Challenge 5 ("ntfsm")
Description
I'm not here to tell you how to do your job or anything, given that you are a top notch computer scientist who has solved four challenges already, but NTFS is in the filename. Maybe, I don't know, run it in windows on an NTFS file system?
Writeup
We are given a file named ntfsm.exe. The description (and name of both the challenge and executable) mentions NTFS, Microsoft's New Technology File System, the default filesystem on Windows. One particular feature of NTFS that stands out and is a classic Windows forensics quirk are so-called alternate data streams (ADS). This is a feature that allows multiple streams of data to be associated with a single filename. My first idea was thus to check the executable for any alternate file streams, but there were none.

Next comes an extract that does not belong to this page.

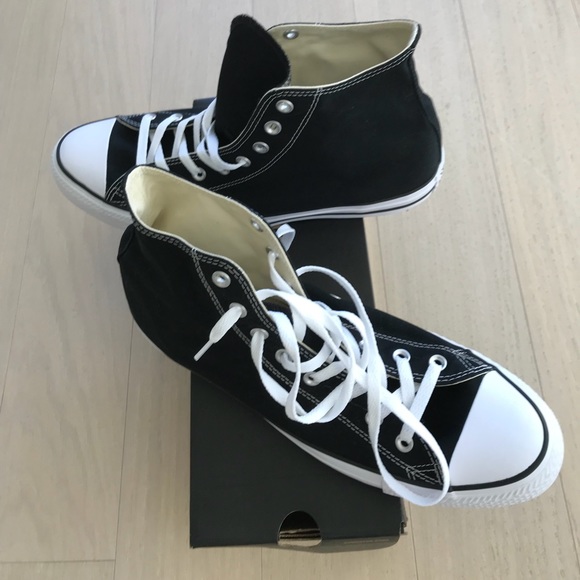 [BRAND NEW] Converse Chuck Taylor High Top Shoe - Picture 4 of 8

PS> Get-Item -Stream * -Path ntfsm.exe
PSPath : Microsoft.PowerShell.Core\FileSystem::C:\...\ntfsm.exe::$DATA
PSParentPath : Microsoft.PowerShell.Core\FileSystem::C:\...
PSChildName : ntfsm.exe::$DATA
PSDrive : C
PSProvider : Microsoft.PowerShell.Core\FileSystem
PSIsContainer : False
FileName : C:\...\ntfsm.exe
Stream : :$DATA
Length : 20151296
PSPath : Microsoft.PowerShell.Core\FileSystem::C:\...\ntfsm.exe:Zone.Identifier
PSParentPath : Microsoft.PowerShell.Core\FileSystem::C:\...
PSChildName : ntfsm.exe:Zone.Identifier
PSDrive : C
PSProvider : Microsoft.PowerShell.Core\FileSystem
PSIsContainer : False
FileName : C:\...\ntfsm.exe
Stream : Zone.Identifier
Length : 62
(The :$DATA stream is the default and Zone.Identifier is a Windows artifact unrelated to the file contents.)
Since I could find nothing interesting straight away, I fired up IDA and inspected the code. The executable seemed to be a fairly standard C++ program, only with one quirk, which was rather aggressive outlining of code. I'm not sure if it was an intentional obfuscation or just a compiler artifact, but in the end, it proved to be little more than a slight annoyance.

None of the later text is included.